Chapter 9. Modular Programming as a Foundation for Good Programming Technique

We have come a long way in this book. From learning how modules and packages work in Python, and how to use them to better organize your code, we have discovered many of the common practices used to apply modular patterns to solve a range of programming problems. We have seen how modular programming allows us to deal with changing requirements in a real-world system in the best possible way, and learned what makes a module or package a suitable candidate for reuse in new projects. We have seen many of the more advanced techniques for working with modules and packages in Python, as well as ways of avoiding the pitfalls that you may encounter along the way.

Finally, we looked at ways of testing your code, how to use a source code management system to keep track of the changes you make to your code over time, and how to submit your module or package to the Python Package Index (PyPI) so that others can find and use it.

Using what we have learned thus far, you will be able to competently apply modular techniques to your Python programming efforts, creating robust and well-written code that can be reused in a variety of programs. You can also share your code with others, both inside your organization and within the wider Python developer community.

In this final chapter, we will use a practical example to show how modules and packages do far more than just organize your code: they help to deal with the process of programming more effectively.

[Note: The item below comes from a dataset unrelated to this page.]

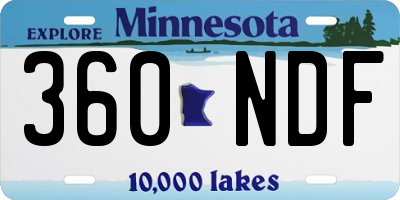 MN license plate 360NDF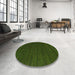 Round Contemporary Shamrock Green Modern Rug in a Office, con888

We will see how modules are vital to the design and development of any large system, and demonstrate how the use of modular techniques to create robust, useful and well-written modules is an essential part of being a good programmer.

The process of programming

All too often as programmers, we focus on the technical details of a program. That is, we focus on the product rather than the process of programming. The difficulties of solving a particular programming problem are so great that we forget that the problem itself will change over time. No matter how much we try to avoid it, change is inevitable: changing markets, changing requirements, and changing technologies. As programmers, we need to be able to effectively cope with this change just as much as we need to be able to implement, test, and debug our code.

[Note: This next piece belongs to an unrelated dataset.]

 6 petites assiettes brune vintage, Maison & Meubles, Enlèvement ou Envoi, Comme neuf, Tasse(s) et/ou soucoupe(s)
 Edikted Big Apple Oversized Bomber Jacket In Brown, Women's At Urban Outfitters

Back in Chapter 4, Using Modules for Real-World Programming, we looked at an example program that faced the challenge of changing requirements. We saw how a modular design allowed us to minimize the amount of code that had to be rewritten when the scope of the program increased well beyond what was first envisaged.

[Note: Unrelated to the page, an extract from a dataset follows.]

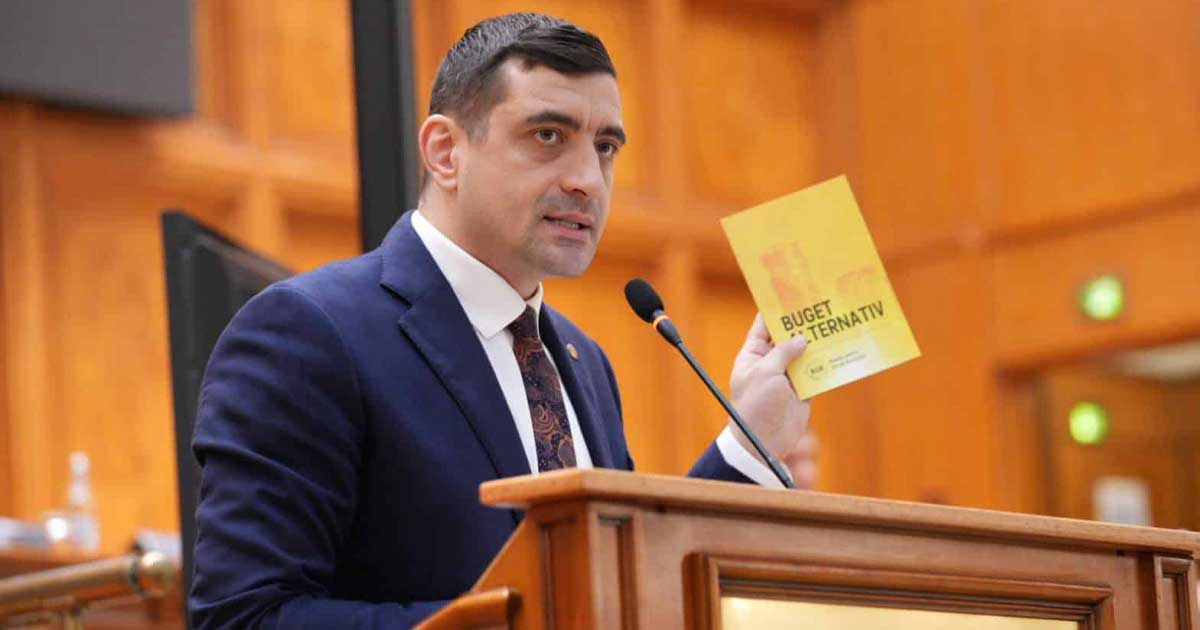 George Simion liderul AUR la declarații de presă Palatul Parlamentului București contestație buget CCR 2026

Now that we have learned more about modular programming and the related technologies that can help to make it more effective, let's work through this exercise again. This time, we'll choose a simple package for counting the number of occurrences of some event or object. For example, imagine that you need to keep a count of the number of animals of each type you see while walking across a farm. As you see each type of animal, you record its presence by passing it to the counter, and at the end, the counter will tell you how many animals of each type you have seen. For example:

>>> counter.reset()
>>> counter.add("sheep")
>>> counter.add("cow")
>>> counter.add("sheep")
>>> counter.add("rabbit")
>>> counter.add("cow")
>>> print(counter.totals())
[("cow", 2), ("rabbit", 1), ("sheep", 2)]

This is a simple package, but it gives us a good target for applying some of the more useful techniques we have learned in the previous chapters. In particular, we will make use of docstrings to document what each function in our package does, and we will write a series of unit tests to ensure that our package is working the way we expect it to.

Let's start by creating a directory to hold our new project, which we will call Counter. Create a directory named counter somewhere convenient, and then add a new file named README.rst to this directory. Since we expect to eventually upload this package to the Python Package Index, we will use reStructuredText format for our README file. Enter the following into this file:

About the ``counter`` package
-----------------------------

``counter`` is a package designed to make it easy to keep track of the number of times some event or object occurs.  Using this package, you **reset** the counter, **add** the various values to the counter, and then retrieve the calculated **totals** to see how often each value occurred.

Let's take a closer look at how this package might be used. Imagine that you wanted to keep a count of the number of cars of each color which were observed in a given timeframe. You would start by making the following call:

    counter.reset()

Then when you identify a car of a given color, you would make the following call:

    counter.add(color)

Finally, once the time period is over, you would obtain the various colors and how often they occurred in the following way:

    for color,num_occurrences in counter.totals():
        print(color, num_occurrences)

The counter can then be reset to start counting another set of values.

Let's now implement this package. Inside our counter directory, create another directory named counter to hold our package's source code, and create a package initialization file (__init__.py) inside this innermost counter directory. We'll follow the pattern we used earlier and define our package's public functions in a module named interface.py, which we will then import into the __init__.py file to make the various functions available at the package level. To do this, edit the __init__.py file and enter the following into this file:

from .interface import *

Our next task is to implement the interface module. Create the interface.py file inside the counter package directory, and enter the following into this file:

def reset():
    pass

def add(value):
    pass

def totals():
    pass

These are just placeholders for our counter package's public functions; we'll implement these one at a time, starting with the reset() function.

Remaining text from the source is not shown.